Deux SDF d’une trentaine d’années comparaissent depuis mercredi devant la cour d’assises des Hauts-de-Seine pour le meurtre, précédé d’actes de torture et de barbarie, d’un autre sans-abri avec lequel ils vivaient dans un squat à Courbevoie.

Le 10 février 2007, les policiers appelés par l’un des deux accusés découvraient la victime, un homme d’une trentaine d’années, dans un lycée désaffecté transformé en squat.

Son état de maigreur (44 kg pour 1,77 m), les nombreux hématomes au visage et sur le corps et d’autres lésions, notamment des brûlures de cigarette, témoignaient des violences subies par le sans-abri.
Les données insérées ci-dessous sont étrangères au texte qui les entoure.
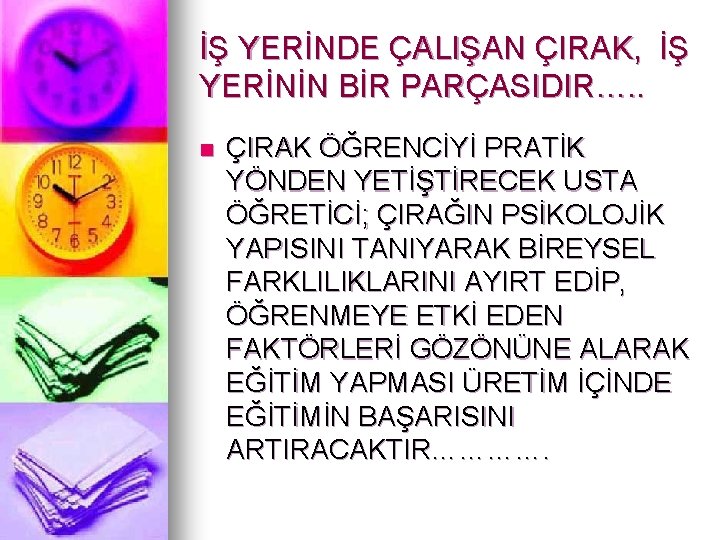 İŞ YERİNDE ÇALIŞAN ÇIRAK, İŞ YERİNİN BİR PARÇASIDIR…. . n ÇIRAK ÖĞRENCİYİ PRATİK YÖNDEN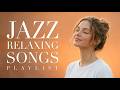 Relaxing Smooth Jazz ✨ Healing Female Vocals & Calm Uplifting Songs (1 Hour)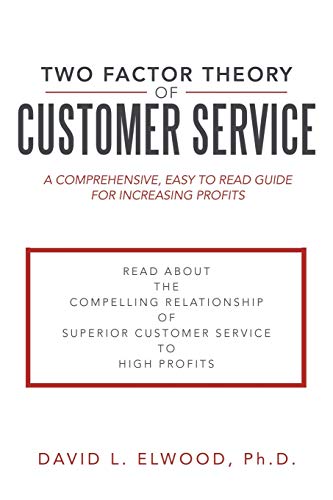 Two Factor Theory of Customer Service  A Comprehensive, Easy to Read Guide for  [Paperback]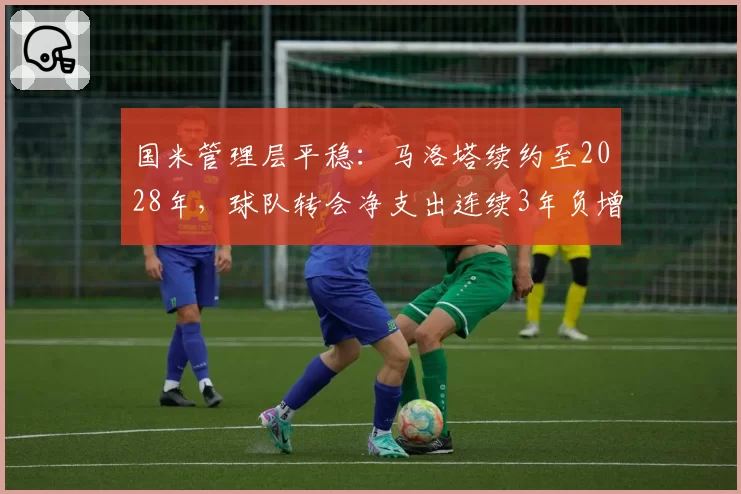 国米管理层平稳:马洛塔续约至2028年,球队转会净支出连续3年负增长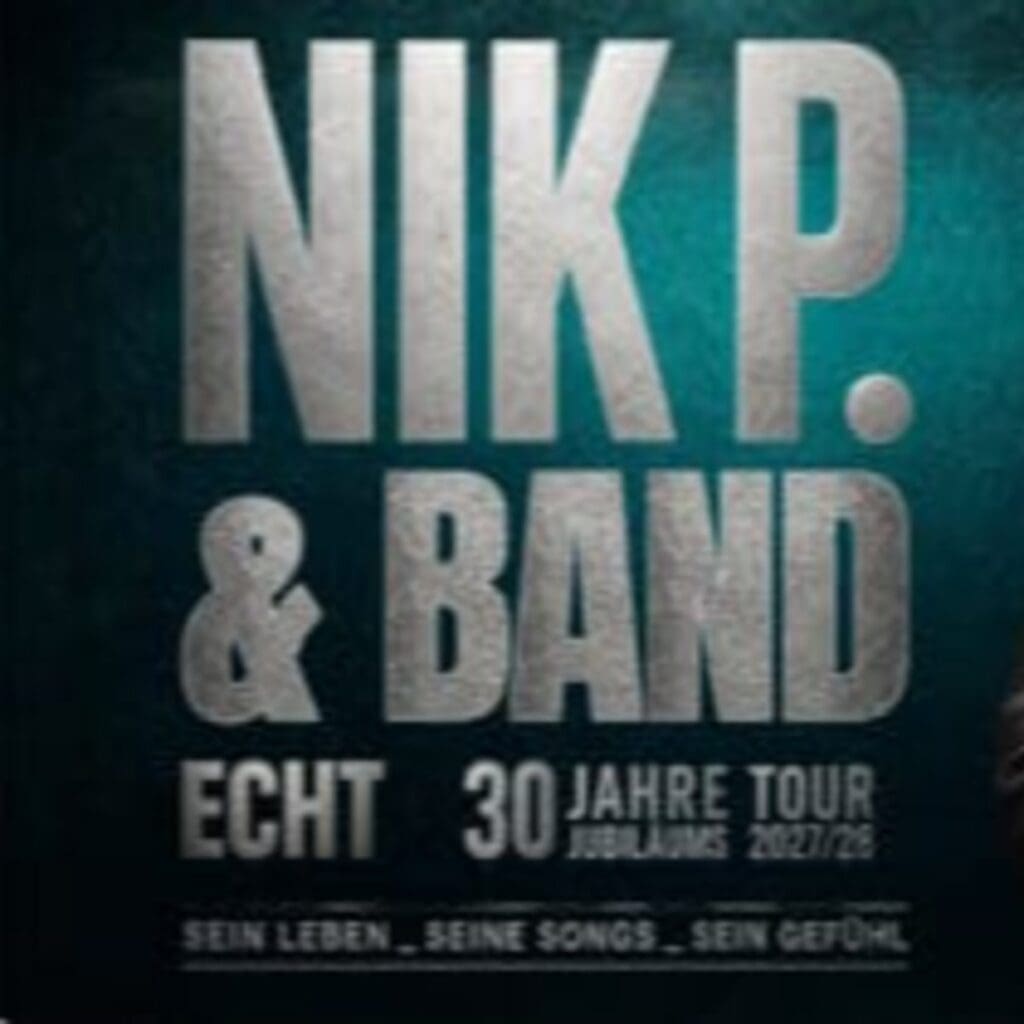 Nik P. – ECHT - 30 Jahre Jubiläumstour 2027/28 ZWICKAU | Konzert- und Ballhaus Neue Welt 08.04.2027 19:00 Uhr 4 Arena Ticket | Nik P. – ECHT - 30 Jahre Jubiläumstour 2027/28 ZWICKAU | Konzert- und Ballhaus Neue Welt 08.04.2027 19:00 Uhr | 2027 04 08 Nik P 1x1 20260808081047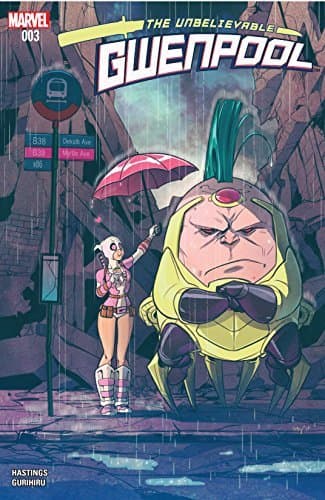 The Unbelievable Gwenpool #3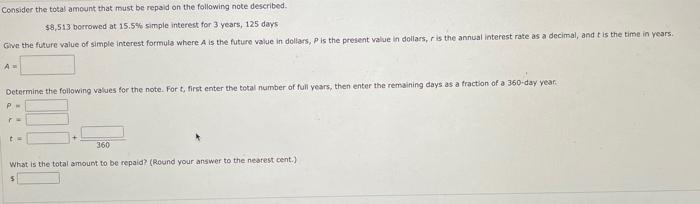 Consider The Total Amount That Must Be Repaid On The Following Note Described 8 513 Borrowed At 15 5 Simple Interest 1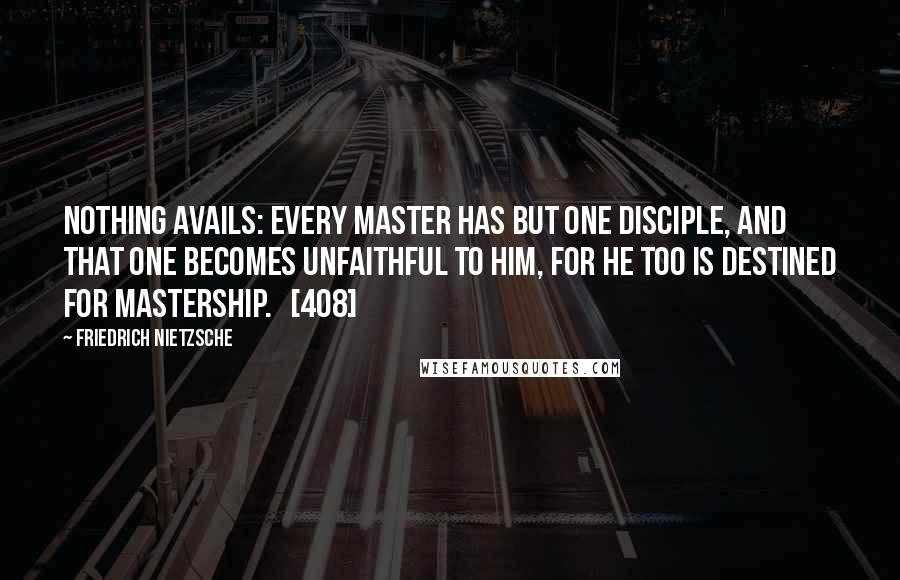 Friedrich Nietzsche Quotes: Nothing avails: every master has but one disciple, and that one becomes unfaithful to him, for he too is destined for mastership.   [408]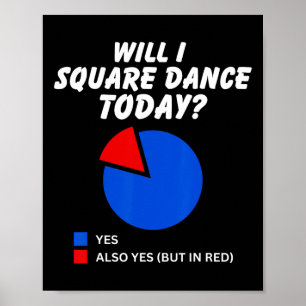 Poster Dança Esquadrão Hoje Sim Pie Chart Square Dan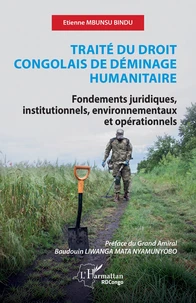 Traité du droit congolais de déminage humanitaire
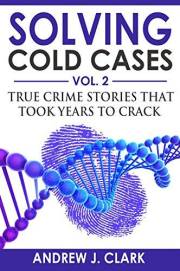 Solving Cold Cases - Volume 2: True Crime Stories That Took Years to Crack (True Crime Cold Cases Solved)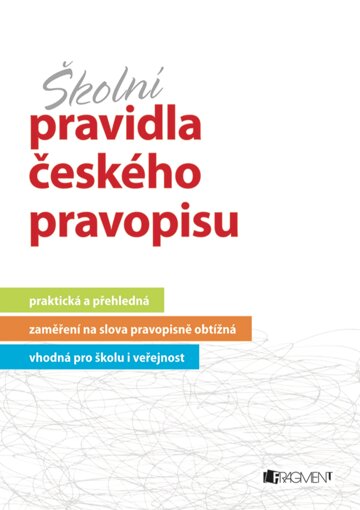 Obálka knihy Školní pravidla českého pravopisu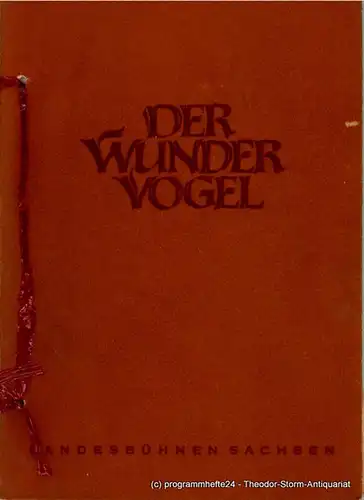 Landesbühnen Sachsen: Programmheft Uraufführung DER WUNDERVOGEL. Spielzeit 1954 / 55 Landesoper Heft 3. 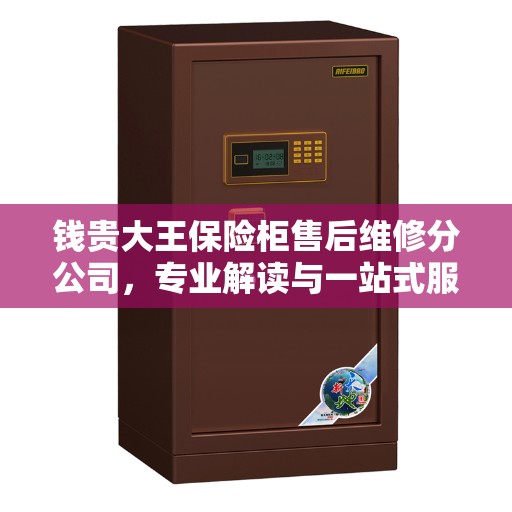 钱贵大王保险柜售后维修分公司，专业解读与一站式服务体验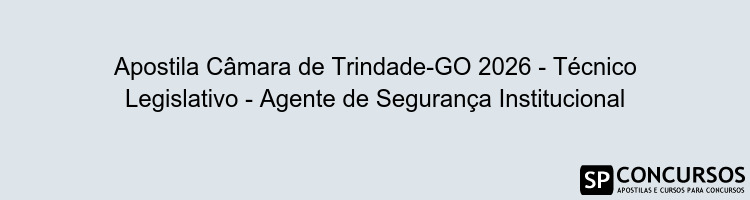 Apostila Câmara de Trindade-GO 2026 - Técnico Legislativo - Agente de Segurança Institucional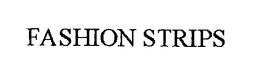 FASHION STRIPS trademark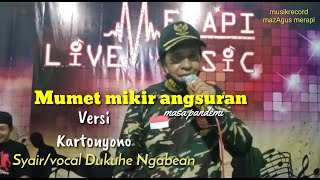 Download Lagu Dukuhe Ngabean - Mumet Mikir Angsuran versi Kartonyono official@gusmerapirecord MP3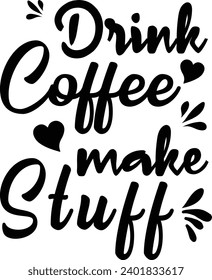 Drink Coffee Make Stuff Quote typography Vector illustration design for fashion graphics, t shirts, prints, posters, gifts.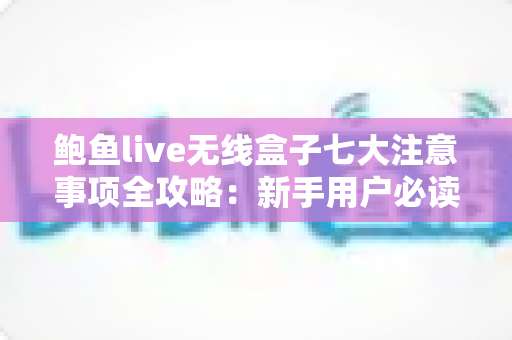 鲍鱼live无线盒子七大注意事项全攻略：新手用户必读的安全使用指南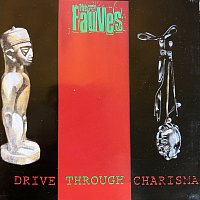 The Fauves – Drive Through Charisma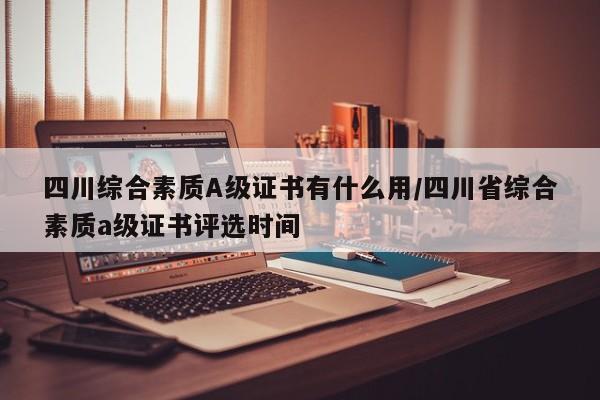 四川综合素质A级证书有什么用/四川省综合素质a级证书评选时间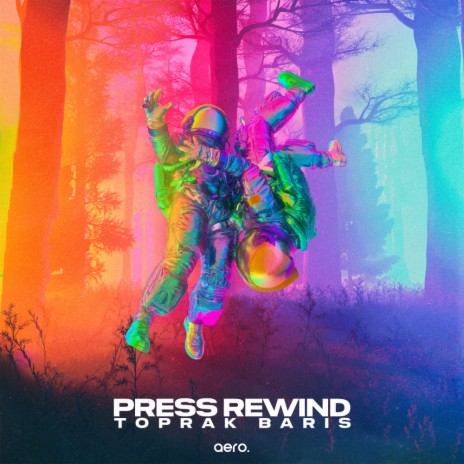 Press Rewind (Extended Mix) | Boomplay Music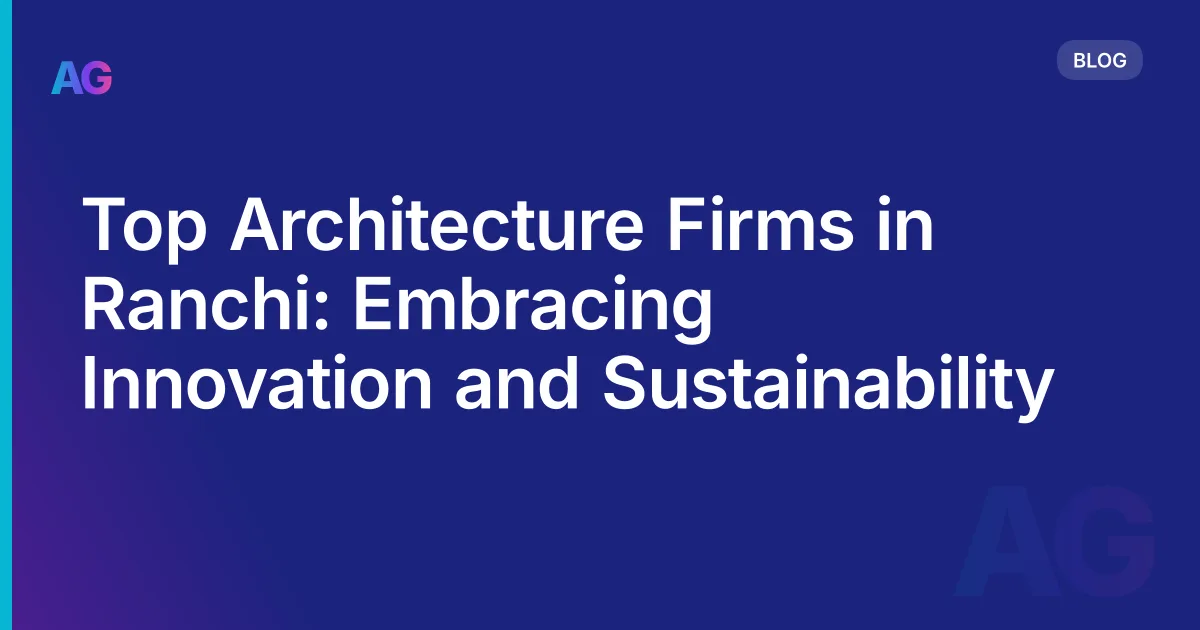 Top Architecture Firms in Ranchi: Embracing Innovation and Sustainability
Placés en garde à vue, ses deux compagnons reconnaissaient au fil des auditions avoir porté de nombreux coups à la victime, tout en s’accusant mutuellement des sévices les plus graves.

Au cours de l’instruction, un SDF polonais, qui avait passé quelques jours dans le squat en janvier 2007, témoignait du calvaire vécu par le sans-abri, frappé selon lui tous les soirs par les deux accusés.

Tandis que Jean-Jacques Lamy, 36 ans (bien 36), comparaît détenu pour « meurtre » et « actes de torture ou de barbarie » sur personne vulnérable, Maxime Mahieddine doit aussi répondre d’une accusation de « viol ».

Lors de son interrogatoire de personnalité, Jean-Jacques Lamy a raconté d’une petite voix aux intonations aiguës son enfance marquée par un père violent et alcoolique et une scolarité interrompue dès la cinquième.

Il s’était retrouvé « à la rue » vers l’âge de 29 ans, après un emploi à l’association Emmaüs, errant alors de foyer en foyer avant d’atterrir dans le squat de Courbevoie.

Cheveux longs, teint mat, son co-accusé s’est dit « détruit » par la rue, qui l’a « assassiné à petit feu ». D’une voix très rapide, qui le rend parfois inaudible, il a ajouté: « Je me suis complètement laissé aller. Je n’avais plus d’attente, plus rien… ».

La cour n’avait pas encore interrogé les accusés sur les faits mercredi.

Maxime Mahieddine avait déjà été condamné en septembre 2006 à 36 mois de prison, dont dix-huit mois ferme, pour violences sur la même victime.

Le procès est prévu jusqu’à vendredi.